В «Тот лагерь» отправляют безруких, безногих, слепых, неизлечимо больных. Сюда сгоняют пленяг, доведенных до крайней степени физического истощения, а следовательно, уже негодных ни на какую работу. Фрицы обращаются с пленягами, как иной крестьянин-жмот с животиной: пока сивка тянет — ей клок сена, как начала сдавать — ее на живодерню.
«Тот лагерь» и есть живодерня для пленяг. Кто вошел в его ворота, тот уже на краю жизни, тот одной ногой в ладье Харона[668]
.«Тот лагерь» — это Todlager, то есть лагерь смерти[669]
. Кто попал туда, тот обречен. Оттуда нет возврата. Там делают все, чтобы Доходей Доходеич[670] возможно скорее обратился в прах, в пепел. Там день и ночь дымят трубы крематория — этой фабрики смерти, перерабатывающей пленяжьи кости в удобрения для немецких полей.ГОД 1944
Первый в новом году Terrorangriff[671]
. Королевские авиационные силы (R. A. F.) в течение получаса бомбили столицу бывшего великого герцогства Hessen und bei Rhein. На сей раз бомбы сброшены и на замок великой герцогини, пребывающей с давних пор в Лондоне у своего близкого родственника английского короля[672]. Не оправдался прогноз МАДовских немцев, уверенно говоривших: «Нет, великая герцогиня не даст англо-американцам бомбить свою столицу». Видимо, не помогли ее слезные обращения к августейшему родственнику. Уже который раз R. А. F. сбрасывает «елку» над Дармштадтом.Когда прогудел сигнал алярма, нас вывели из цеха. Стоя в тесном МАДовском дворе, мы смотрим на ярко расцвеченное небо, переливающееся всеми цветами радуги. Над нами навис гигантский шатер, сплошь затканный блестками звездочек. Это королевские пилоты обливают грешную землю Райша фосфором и напалмом[673]

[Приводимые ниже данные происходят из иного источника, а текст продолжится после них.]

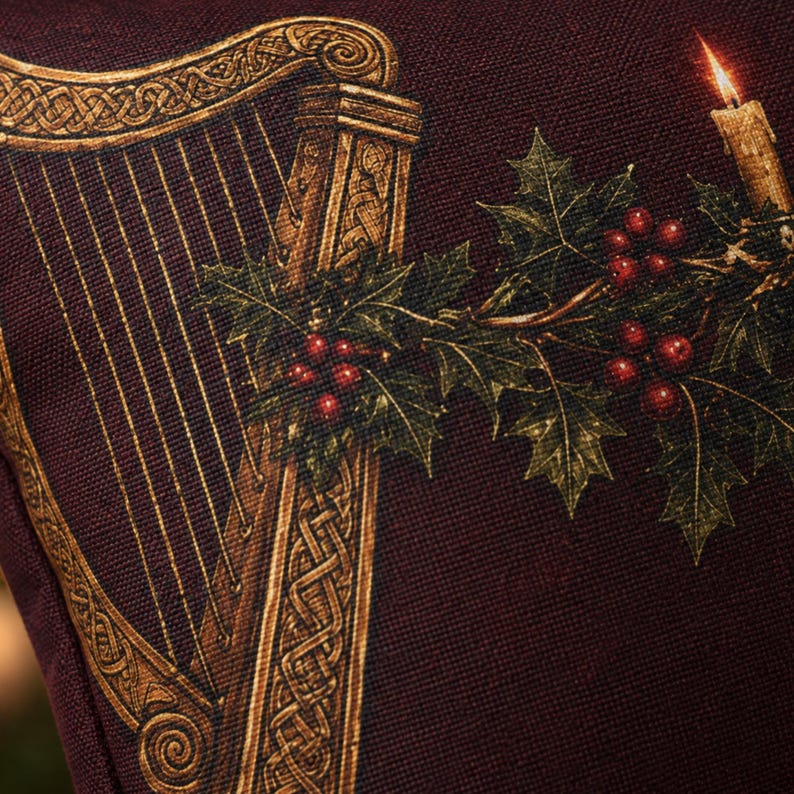 May include: A dark burgundy fabric cushion cover featuring a printed design of a golden Celtic harp. The illustration includes a sprig of green holly leaves with bright red berries and a single lit candle with a glowing flame on the right side.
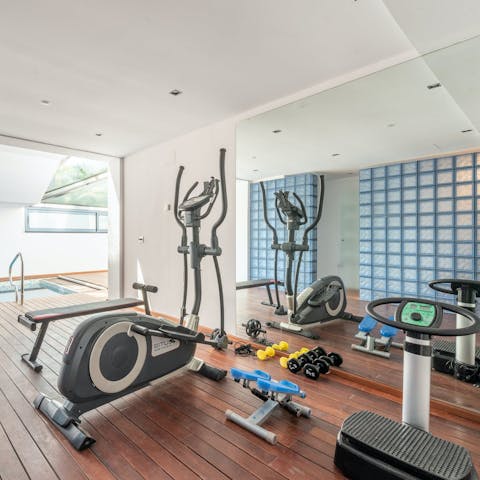 Stay on top of your fitness routine with a workout in the private gym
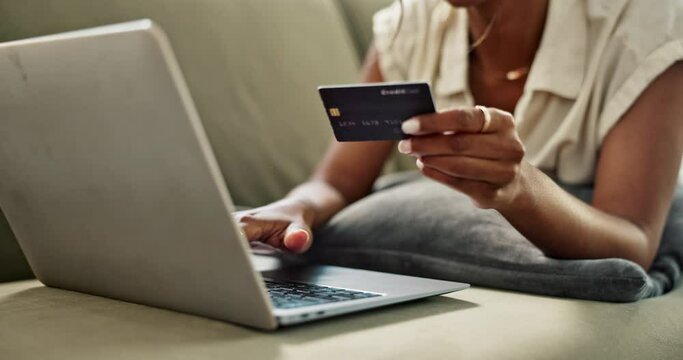 Closeup, hand and laptop with credit card for payment by typing on website for online shopping. Female, consumer and fintech for e commerce, digital banking or electronic purchase from home on sofa
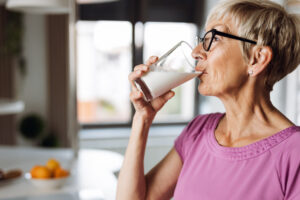 older woman drinking milk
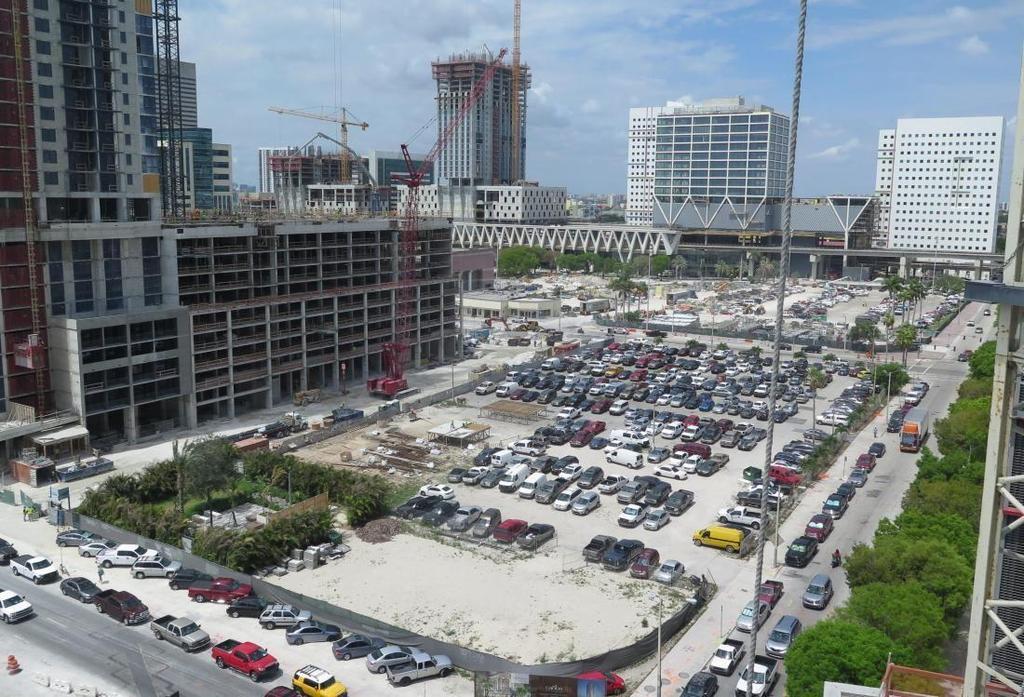 To the left, Caoba, an apartment building that is part of Miami Worldcenter. The zigzag platform is part of Miami Central station, where Brightline rail service is set to begin May 19.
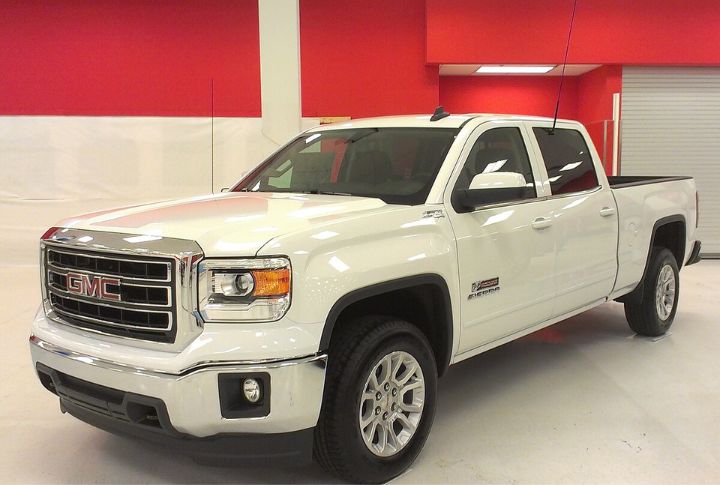 A white GMC Sierra 1500 parked inside a white shop floor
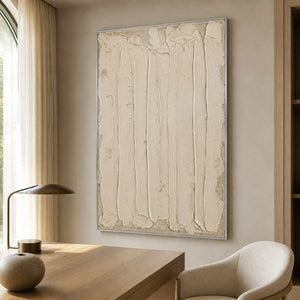 Silver framed cream textured artwork beside a wooden desk in a softly lit study.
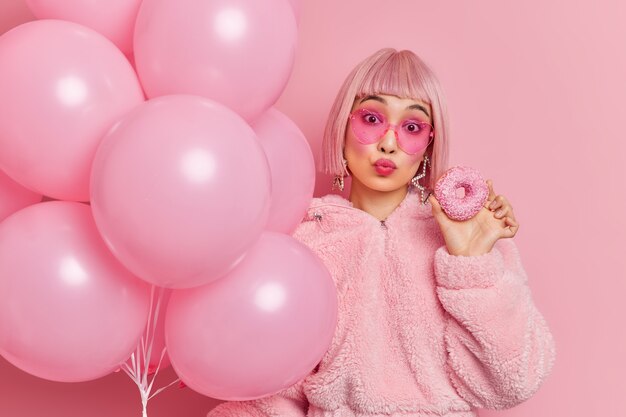 Mulher asiática adorável romântica mantém os lábios dobrados tem cabelo bob rosa vestido com casaco de pele de inverno contém deliciosa rosquinha vitrificada e balões de hélio inflados comemora aniversário na festa com amigos.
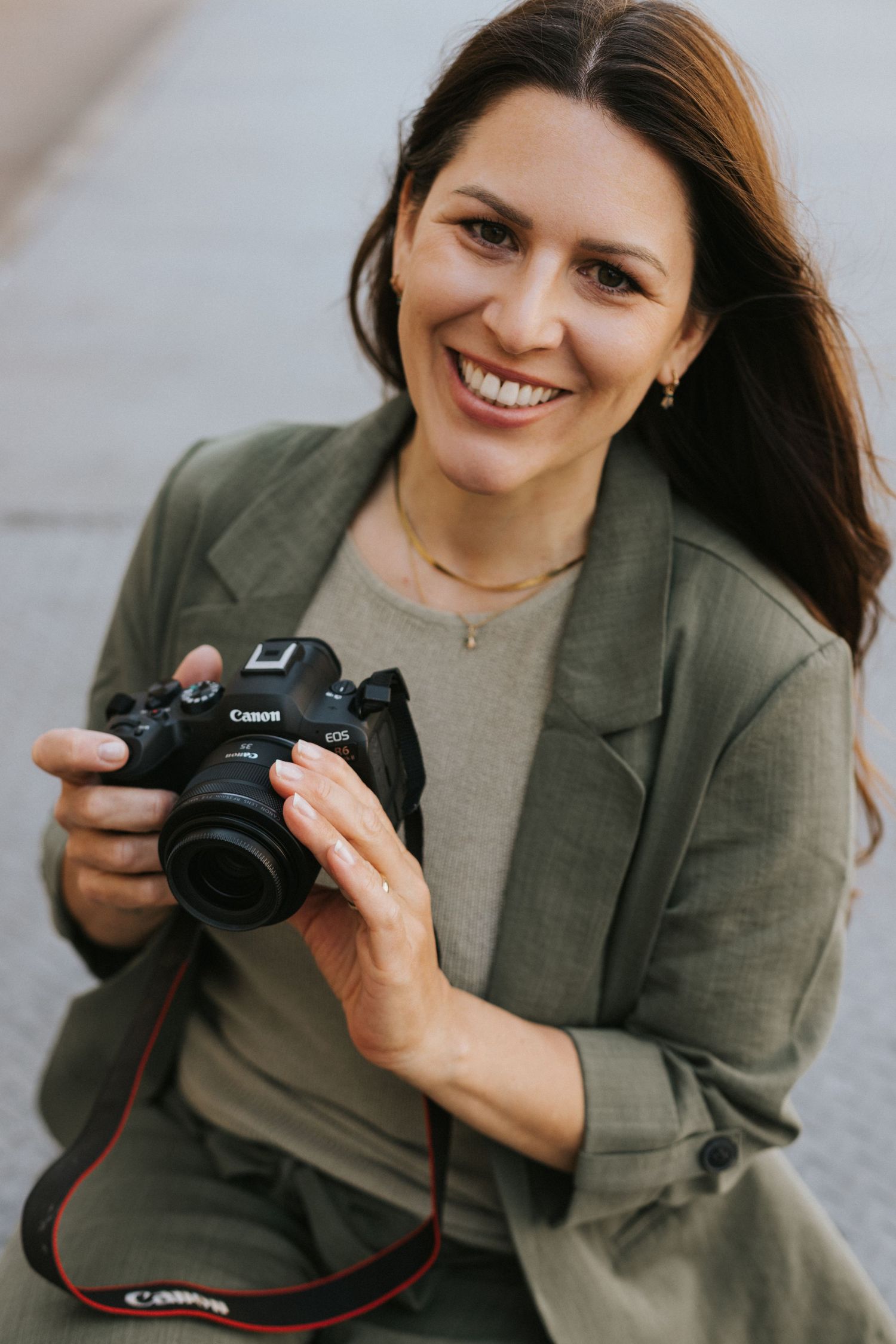 Smiling woman in olive blazer holding a Canon EOS camera outdoors, ideal for photography or lifestyle content.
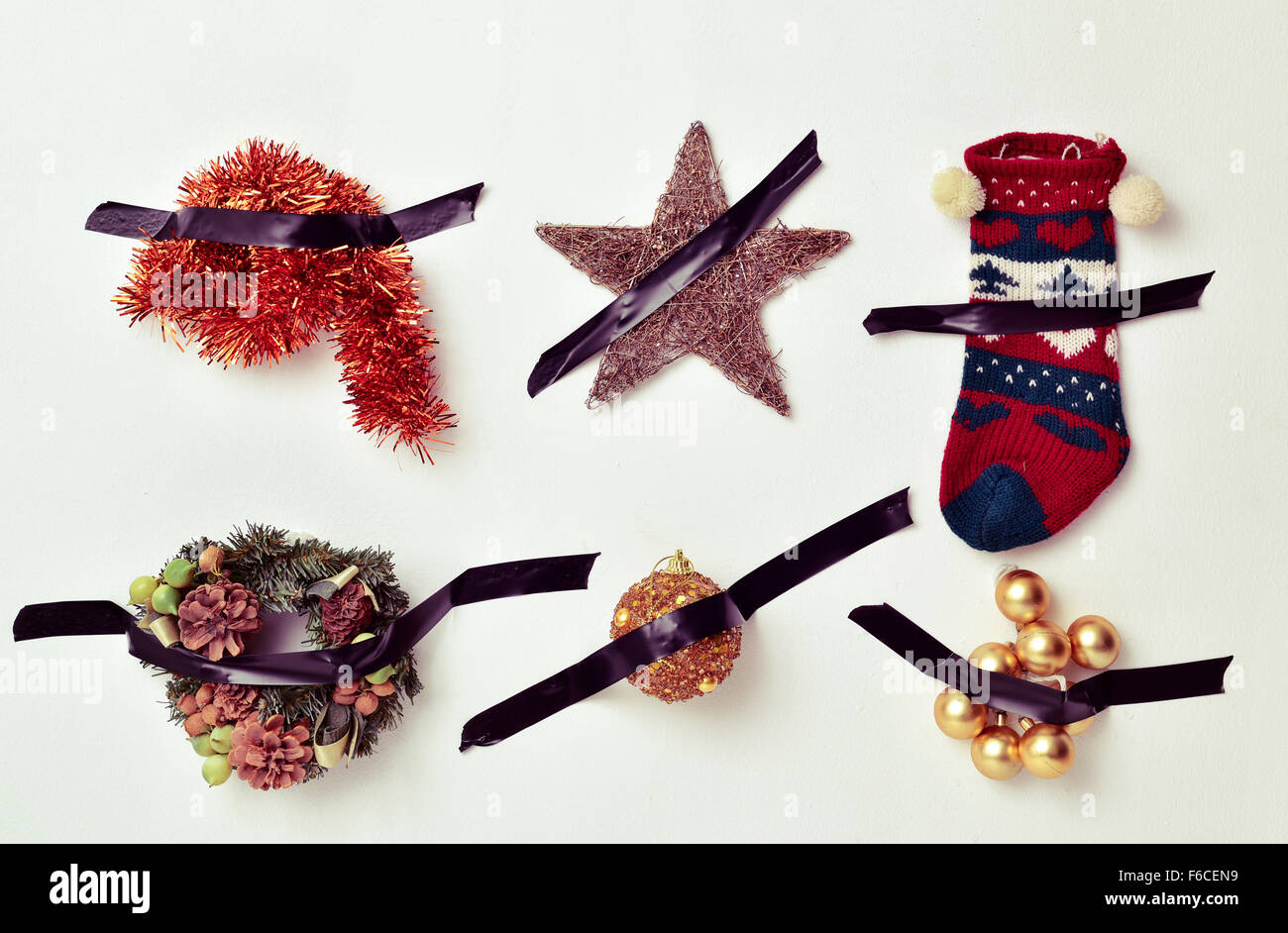 some different christmas ornaments, such as tinsel, a star, a stocking or baubles, attached to a white wall with black tape Stock Photo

. В непрерывный гул и рев слились выбухи бомб, сеющих смерть и разрушение. Гибнут женщины и ни в чем не повинные дети. Гибнут бесценные культурные ценности, созданные гением народа. Они умирают как люди: с горестными стенаниями, со вздохами-упреками безучастной судьбе, с мольбой, обращенной к бездушному небу. Так умирали этой ночью старинные куранты в замке гессенских ландграфов. Когда отбомбившие самолеты покинули воздушное пространство, наступило глубокое безмолвие. Не слышно ни шума, ни топота, ни даже шелеста уснувших деревьев. Лишь изредка откуда-то издалека долетают стоны, скорбные крики женщин, детский плач.